## [HOW TO COMPLETE THIS TASK]
Return every record verbatim, omitting all pictures.

## [Short descriptive text snippets]
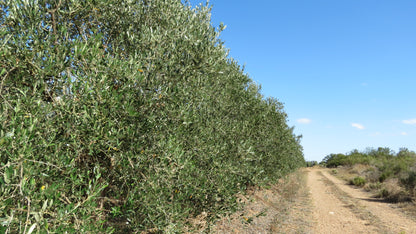 Mardouw - Premium Favolosa Extra Virgin Olive Oil - Cold Pressed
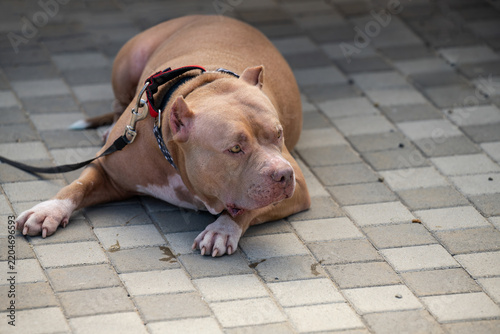 Fotografie Brown american pit bull terrier dog with a collar leash lies down on a concrete paved city street ground on a daytime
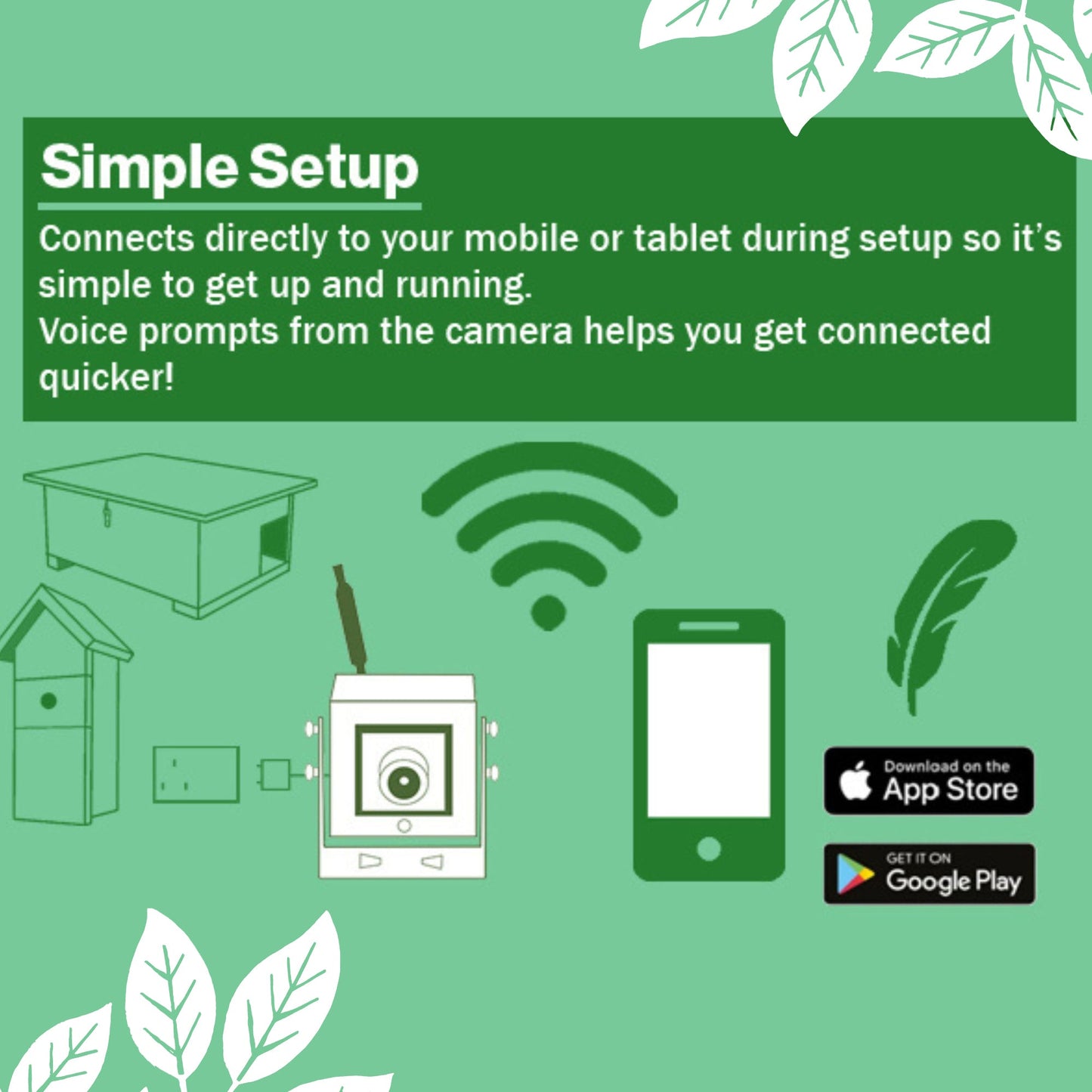 WiFi HD Camera for Bird Box & Wildlife Habitats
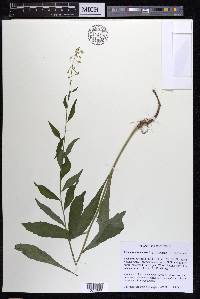 Borodinia canadensis image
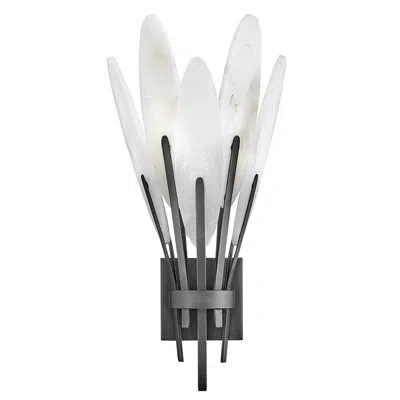 Fredrick Ramond Nerine Steel Wallchiere In Brushed Graphite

## [YOUR RESPONSE]
 Mardouw - Premium Favolosa Extra Virgin Olive Oil - Cold Pressed
 Fotografie Brown american pit bull terrier dog with a collar leash lies down on a concrete paved city street ground on a daytime
 WiFi HD Camera for Bird Box & Wildlife Habitats
 Borodinia canadensis image
 Fredrick Ramond Nerine Steel Wallchiere In Brushed Graphite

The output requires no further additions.